The California Department of Public Health has advised that testing is no longer required for football players and coaches when adjusted case rates in a county drop below 7 per 100,000 residents. Sonoma County has been below that threshold for weeks.
Santa Rosa City Schools, unlike other programs that stopped when the county case rate dropped below 7, continued to test through this past weekend. That regimen garnered positive tests on four of the five football teams in the district and two weeks of canceled or rescheduled contests.
So while teams from four district high schools, plus Elsie Allen High (which is only fielding a junior varsity squad this year) were idle, other squads from different districts that had dropped testing protocols played on.
The disjointed and uneven adherence to guidance has caught the attention of county health officials.
“We have definitely been working really hard to standardize that,” county public health officer Dr. Sundari Mase said Monday. “We feel like at this point testing is what is going to prevent outbreaks, so absolutely more testing is going to be necessary.”
A meeting was scheduled Tuesday between county health officials and athletic and education representatives to push for “some level of consistency,” according to deputy county counsel Adam Radtke.
The meeting was called “to kind of go over recommendations for sports because we want to make sure they at least take into consideration the strong recommendation by the state ... that even though it’s not required, there should be some level of routine testing if they are competing or practicing,” he said Monday.
And while football is on the cusp of the end of its abbreviated season, indoor sports like basketball and volleyball are likely to rekindle the testing debate.
But in the end, much of the guidance is just that: Guidance. It’s not a rule.

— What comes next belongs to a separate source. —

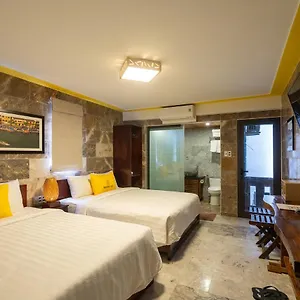 https://maison-vui-homestay.hotelsofhoian.com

And that’s been a complaint among school officials for months, that when the word “guidance” is used there is too much room for interpretation, that it leaves school officials open for criticism, lawsuits or worse.
“Everybody is trying to figure it out and nobody is able to get any definitive information,” said Elizabeth Evans, district director for physical education and athletics for Santa Rosa City Schools. “It’s ‘This is highly encouraged, we highly encourage you to ...’ — everything is up to interpretation.”
And that interpretation opens the door to differences in how guidance is applied.
“The thing I’m learning through this whole process ... is no matter what the decision is, there are people on one side who applaud and are happy and grateful about what you are doing and there are people on the other side that are mad or unhappy,” Evans said.
The football testing program is not the first time Sonoma County’s largest district has drawn a harder line than other districts and schools in the county.
Santa Rosa City Schools campuses and facilities were closed to all teams and student-athletes for the better part of a year. While other schools opened outdoor courts or tracks, and in some cases gymnasiums and weight rooms, Santa Rosa officials told its coaches their players could condition but it had to be done off campus.
Such was the disparity that Santa Rosa asked North Bay League Commissioner Jan Smith Billing that its football teams not be scheduled to play any team outside of the district for fear that players, who hadn’t had the same access to training and conditioning programs, would get hurt.
With fewer teams to play, that left SRCS football teams idle with byes on March 19 when other schools celebrated the return of Friday night lights. They were thwarted again when positive results nixed contests between Maria Carrillo and Montgomery and Santa Rosa at Piner. Last week, games scheduled for Friday between Montgomery and Santa Rosa and Maria Carrillo with Piner were rescheduled to Tuesday after reported positive results.